I know of no God.. I do know of a creator though.. the great creator.. the creator of all God fantasies.. MAN. If the story of the God who sent his only son who was also God to die as a sacrifice (that wasn’t really because he knew he would rise again) and then ascend into heaven to be with his father who was also God .. and he was God to.. whew.. that takes some mind bending !
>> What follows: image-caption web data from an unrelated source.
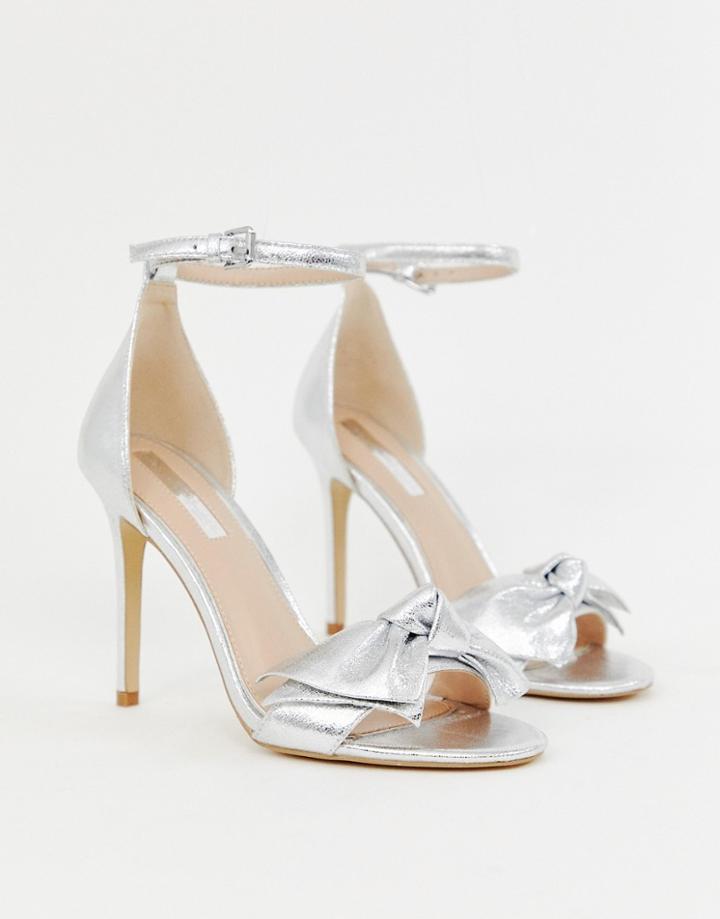 Miss Selfridge Heeled Sandals With Bow Detail In Silver - Silver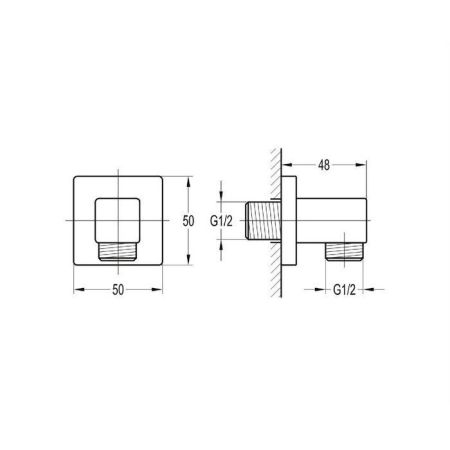 Угловой соединительный элемент OMNIRES 8870CR (хром), артикул 8870CR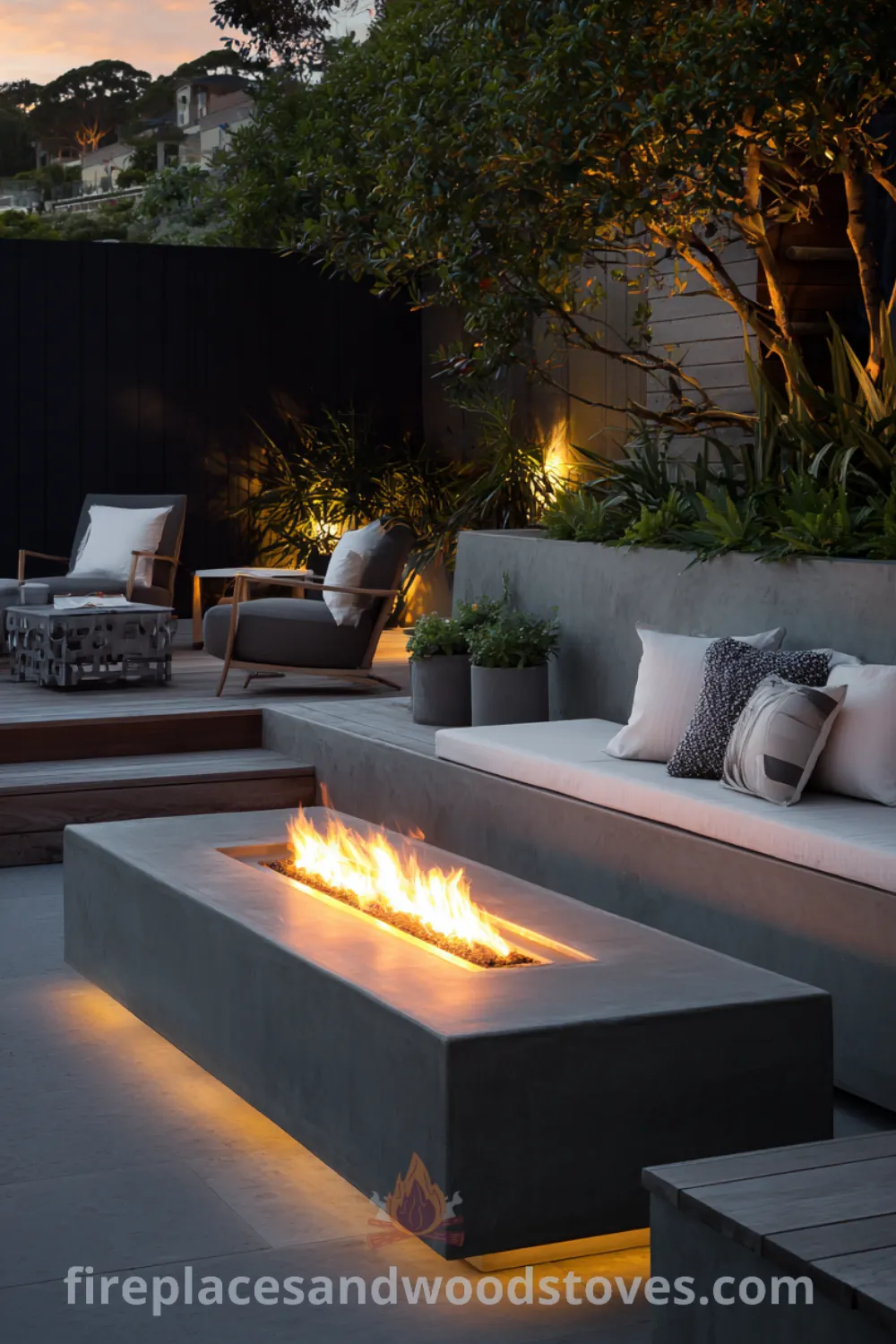 Modern minimalist fire pit with elegant concrete seating wall, inviting glow evening, and sophisticated outdoor fire accents.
You didn't explain. You just say "it happened because it happened." It's patently inadequate and unacceptable. In a nutshell, the laws of logic reflect the nature of God (the Logos). God did not create them, just as God did not create morality or justice. These all exist because God exists, and without Him, nothing could exist. I'll elaborate on the necessity of this in my next post.

Simply put

The laws of logic are only a concept in the mind of man
They require NO justification
If they did require a justification then so would the existence of a God who also uses the laws

Thanks for the discussion, Aussie.

Thank you too Jim

Mr. Ben
July 9th, 2003, 09:13 AM
Actually, the laws of logic are directly derivative of the physical aspects of reality. They are mechanisms by which models of reality can be stored and manipulated in order to predict the future.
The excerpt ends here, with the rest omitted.